> What is being asked
Copy the lines below exactly, starting at the one with "Sırbistan'da yolcu treni" and ending at the one with "В Приморье поймали", and leave out any picture.

Top of Dataset extract

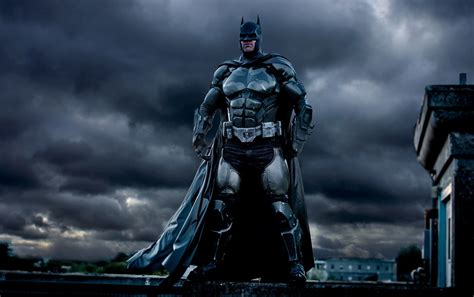 Developed by wb games montréal, the game features an expanded gotham city and introduces an original prequel storyline set several years before the events of batman: Badass Arkham Origins Batman Cosplay | Topless Robot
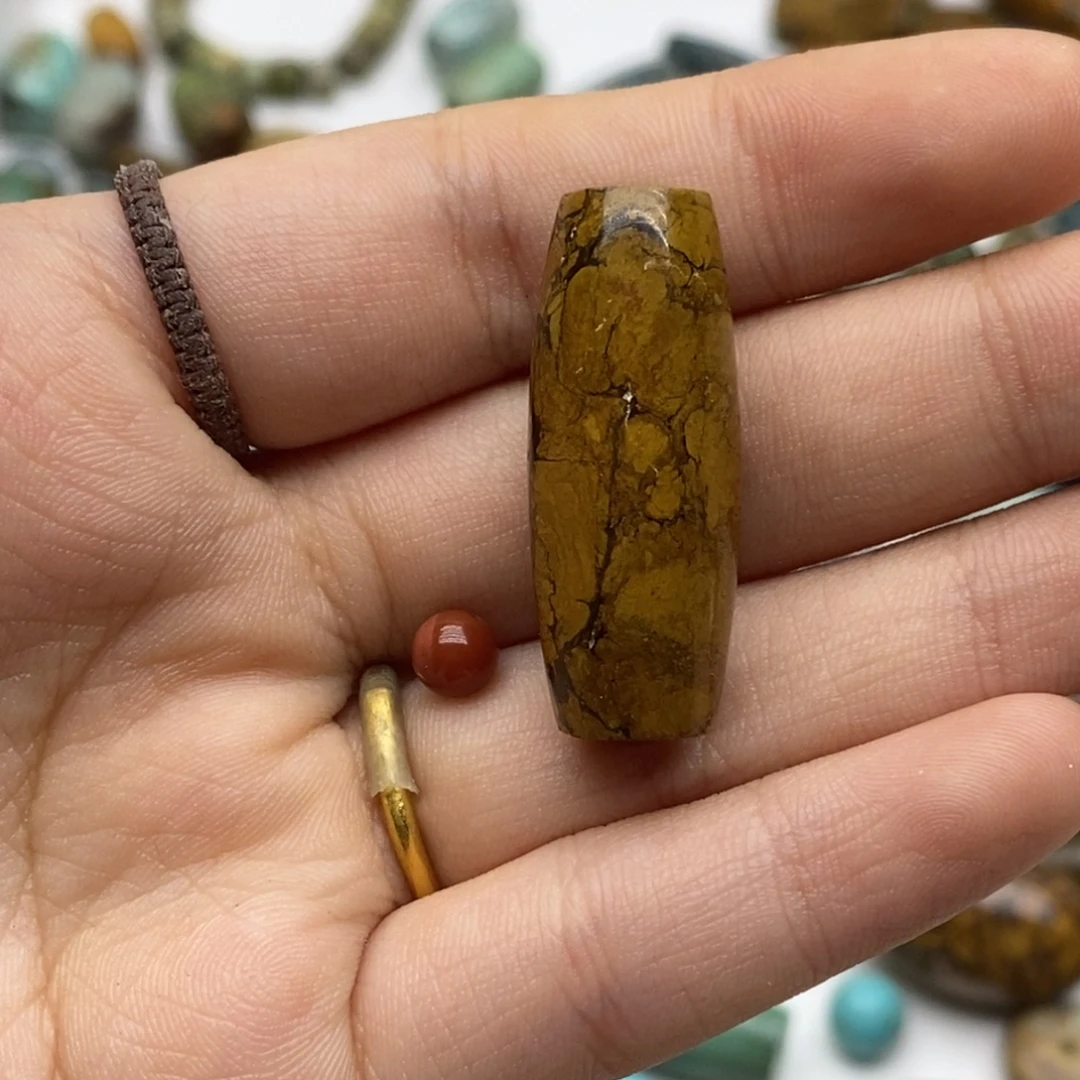 南红玛瑙未镶嵌珠宝半成品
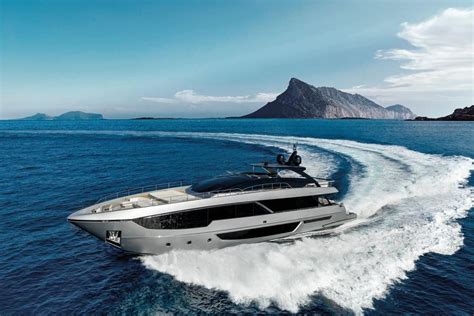 Motor yacht Allegra 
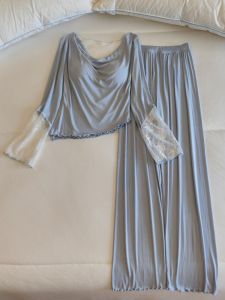 ชุดนอนผู้หญิง Modal แขนยาว ลายลูกไม้ พร้อมแผ่นเสริมหน้าอก ชุดนอนสบาย ๆ ฤดูใบไม้ผลิและฤดูใบไม้ร่วง ชุดนอนสุดหรูหรา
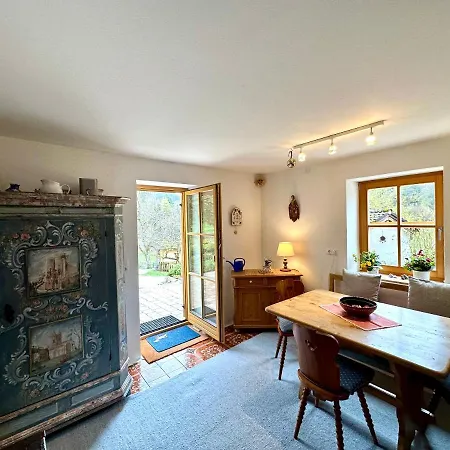 Auszeitshaeusel Ideal Fuer Naturfreunde Und Wanderer Marktschellenberg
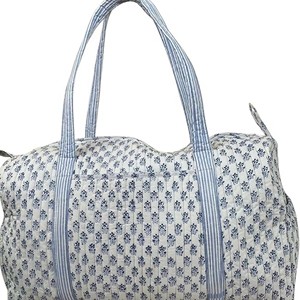 Bolsa de lona acolchada de algodón hecha a mano, interior espacioso con asas cómodas, ligera, duradera y elegante para viajes y gimnasio. - Product Image 2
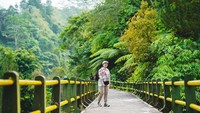 Trekkingnya dari Plunyon Kalikuning, melalui jembatan, dan berakhir di Kalikuning Park (Foto: Puan Maharani/Instagram)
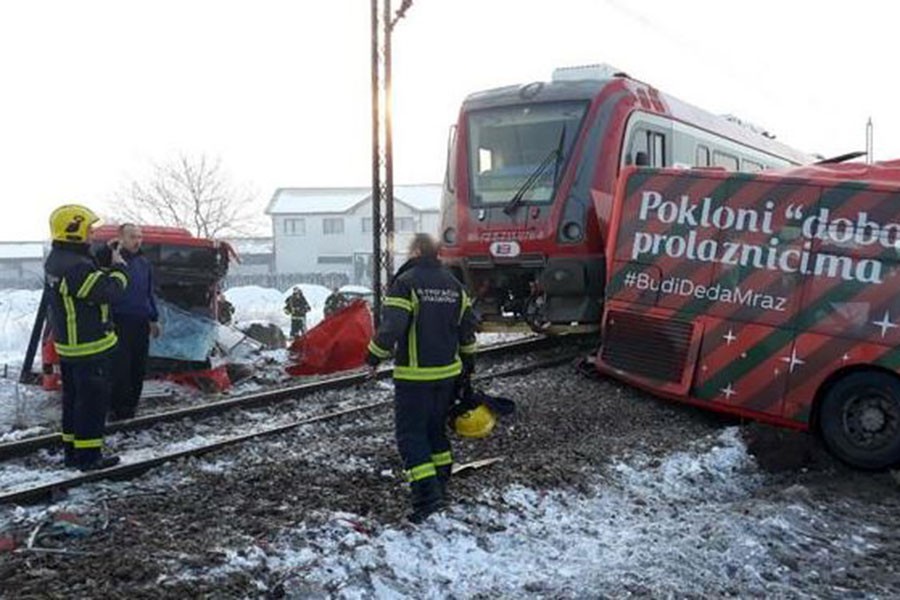 Sırbistan'da yolcu treni okul servisine çarptı: 5 ölü, 30 yaralı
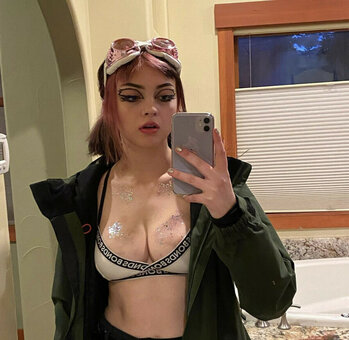 aespup Nude Leaks Photo 13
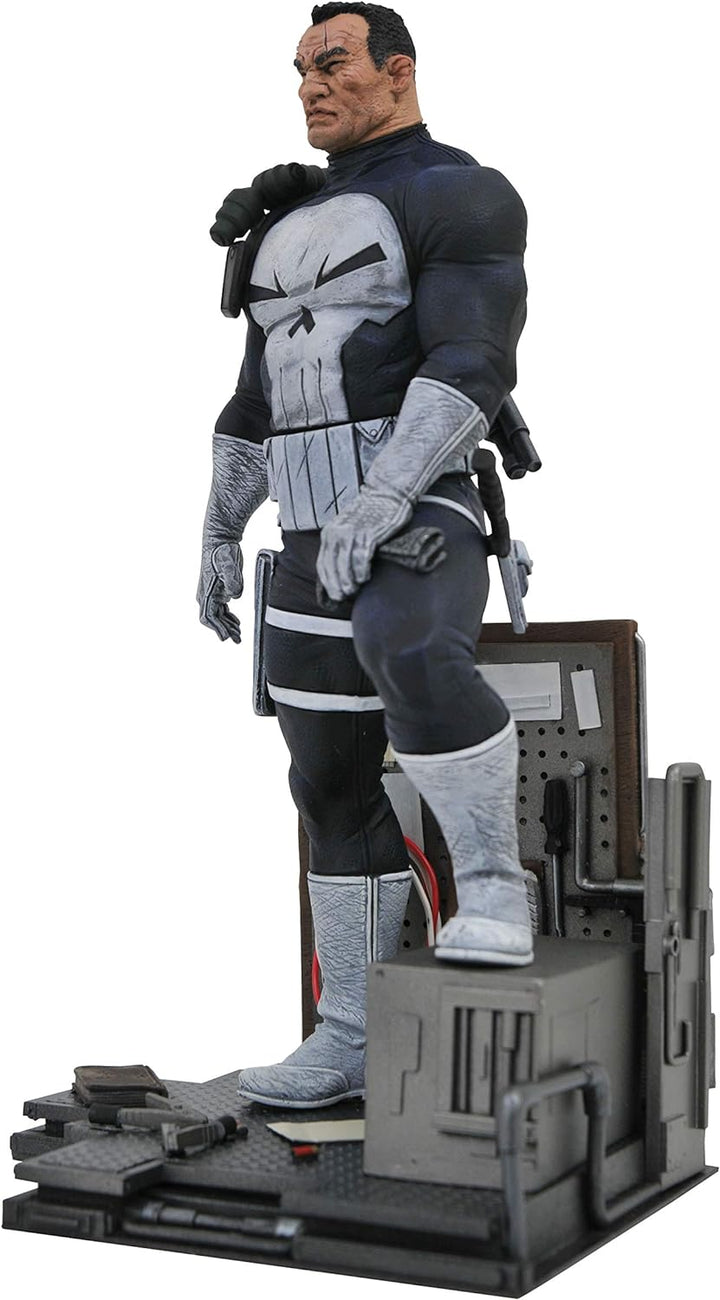 Diamond Select Toys Punisher PVC Figure One-Size, One-Size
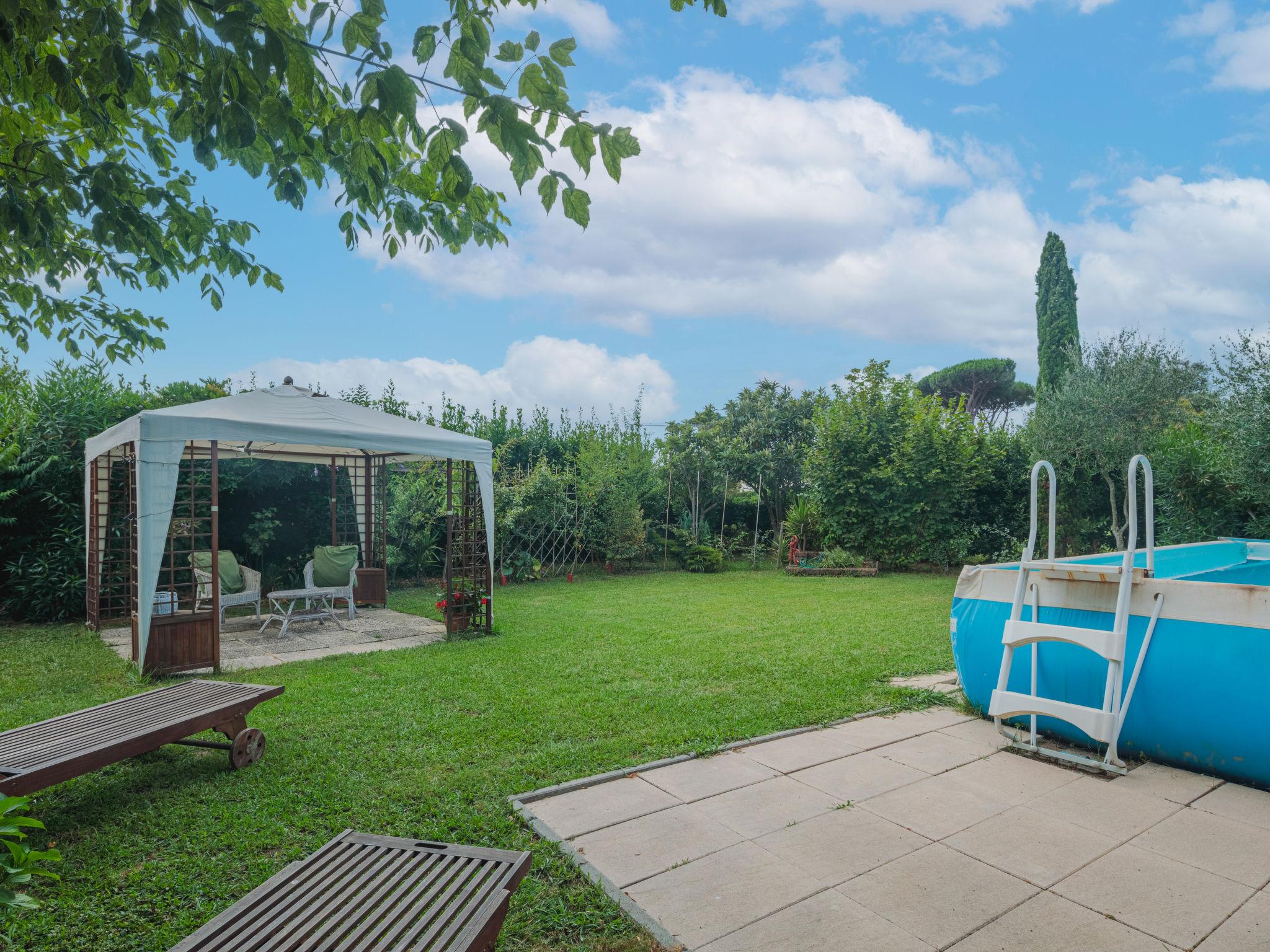 Photo 30 - 2 bedroom House in Camaiore with private pool and garden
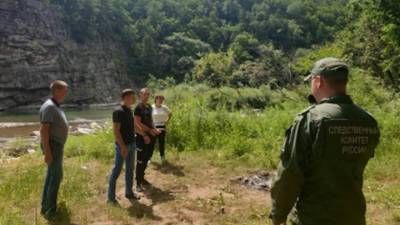 В Приморье поймали убийцу, не сумевшего сжечь своих жертв и угнать машину - vesti.ru - Приморье край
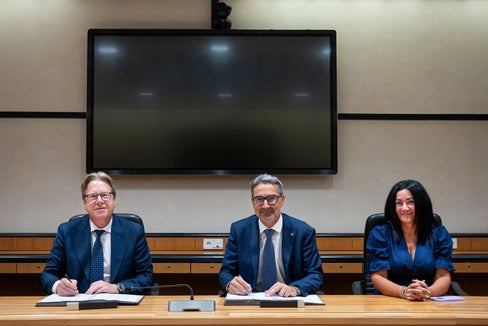Walter Crepaz, der Präsident der Notariatskammer Bozen (im Bild von links), Landeshauptmann Arno Kompatscher und Wohnlandesrätin Ulli Mair. (Foto: LPA/Fabio Brucculeri)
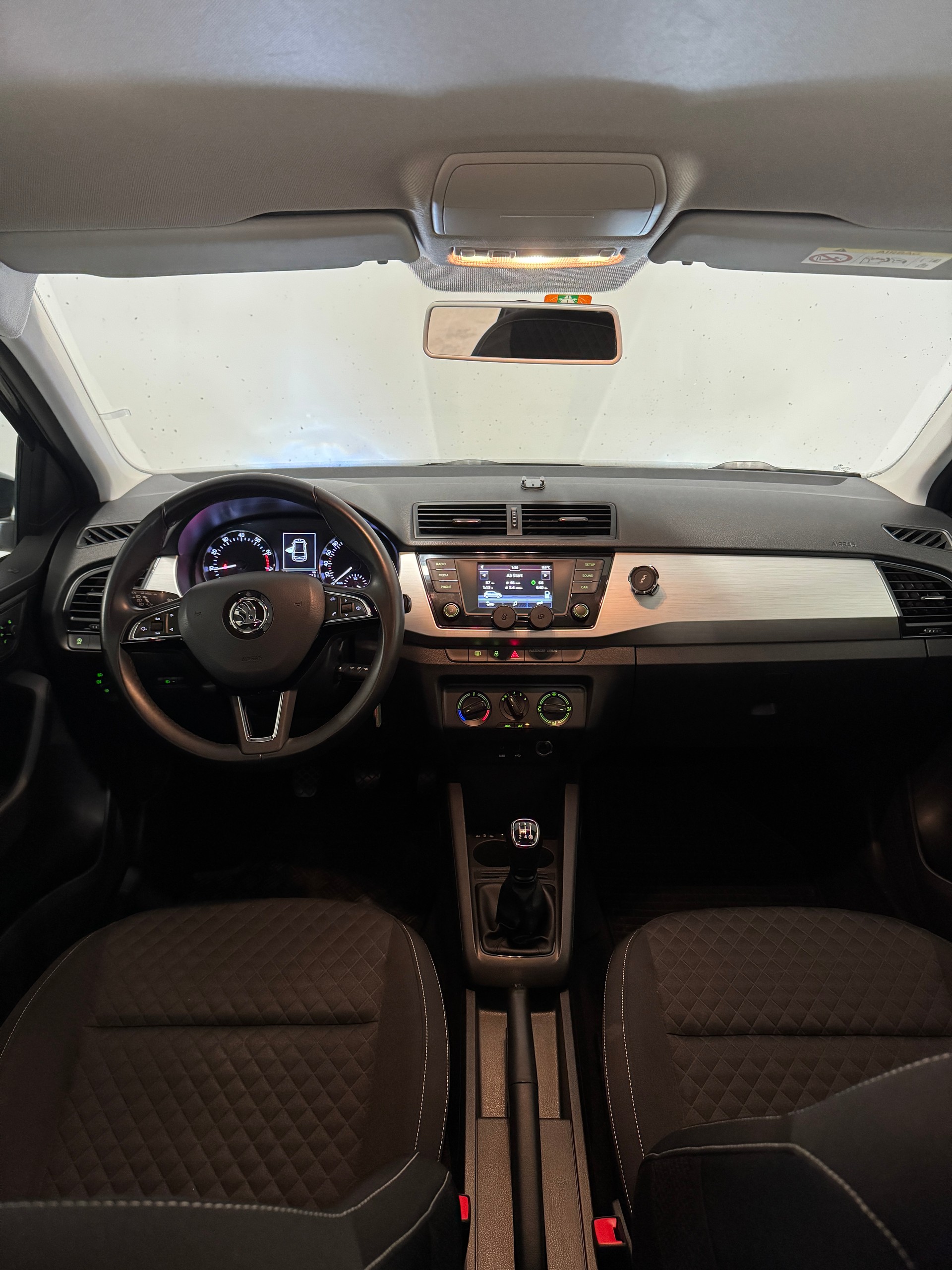 SKODA Fabia 1.0 MPI Ambition-image-9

Bottom of Dataset extract

> Answer space
 Sırbistan'da yolcu treni okul servisine çarptı: 5 ölü, 30 yaralı
 aespup Nude Leaks Photo 13
 Diamond Select Toys Punisher PVC Figure One-Size, One-Size
 Photo 30 - 2 bedroom House in Camaiore with private pool and garden
 В Приморье поймали убийцу, не сумевшего сжечь своих жертв и угнать машину - vesti.ru - Приморье край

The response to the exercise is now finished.